Of course there are exceptions. I just milled a piece of purpleheart that just didn't seem to be phased much by either the pen mill, or the disc sander. That's the only time I put it on the lathe and parted it down to close, and then used the pen mill for some, and 60 grit for the rest. For some reason, that piece just didn't mind tools or abrasives. The mill worked fine on a piece of stabilized Koa right after that, so it's sharp.


----------



## ctubbs (Jan 21, 2012)

Ed, as usual, I go of the deep end.  I use both the pen mill and the disk sander with a jig, primarily depending on the material being used.  On acrylics and punky wood or even some wood that rather splinter than cut, I use the sanding process.  On good wood that mills well, I go for the pen mill and drill press.  so there, my answer is yes.  Don't you just love it when some idiot as myself simply can not make up his feeble mind?  by the way, I did vote 'sand'.
Charles


----------



## SCR0LL3R (Jan 21, 2012)

ghostrider said:


> I voted the pen mill because I mostly use that with the drill press before turning, then after turning and finishing, I flip the mill around and put sand paper on it for a final touch up.



Ditto for me.


----------



## Wingdoctor (Jan 21, 2012)

I use the pen mill before turning and if I am doing a CA finish I use sandpaper on a mandrel face to touch up the CA.


----------



## ragz (Jan 21, 2012)

I drill on the lathe and then face with a skew.


----------



## ed4copies (Jan 21, 2012)

Keep em coming, please!!

Nearly complete with "gluing the tubes", soon available with a couple clicks on YouTube.

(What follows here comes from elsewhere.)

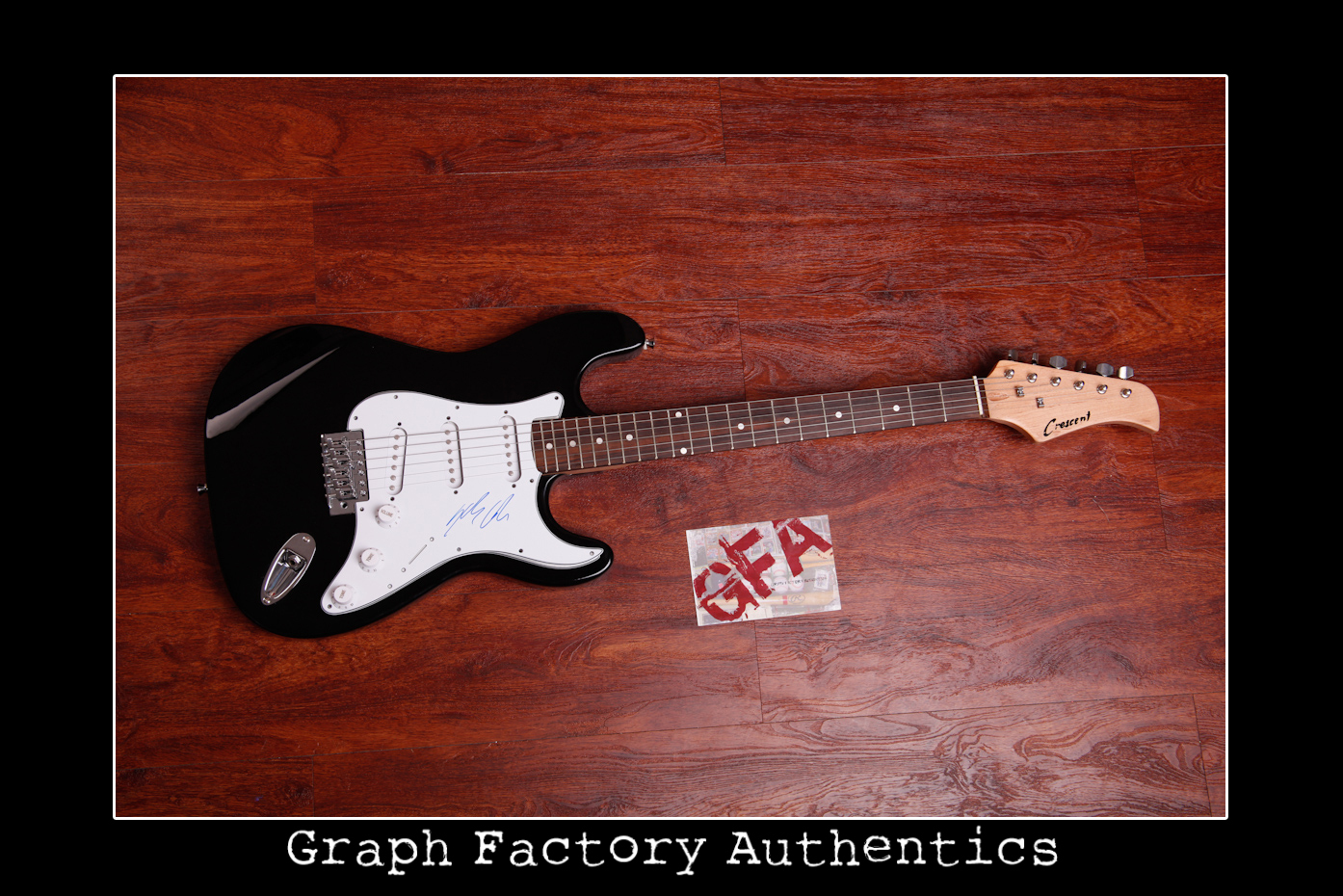 **GFA Matchbox 20 Twenty *KYLE COOK* Signed Electric SSS Guitar COA**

Hope to complete Turning, Facing, buffing yet today (Unless I get really tired of looking at the video software).

This poll will help me determine how to present the "facing" vid.  So, I thank you all for your input!!!


----------



## Knucklefish (Jan 21, 2012)

Ditto on Andy's comments.


----------



## soligen (Jan 21, 2012)

Well, I would need to make multiple selections.  

Kits: Pen mill before turning and mill after turning, or "Other Method" after. depending on mood or what mods I make.

Kitless: Always other method - usually while turning.

My Kit "other method" is to chuck the pen body in the collet chuck and square it using a tool.  If the body has a taper, I use tape to fatten one side so it chucks true.

My kitless other method is to square before drilling, then again "just in case" after taping (apply chamfer to threads at same time.  To square the other end, I often do this while it spins on my "kitless mandrel"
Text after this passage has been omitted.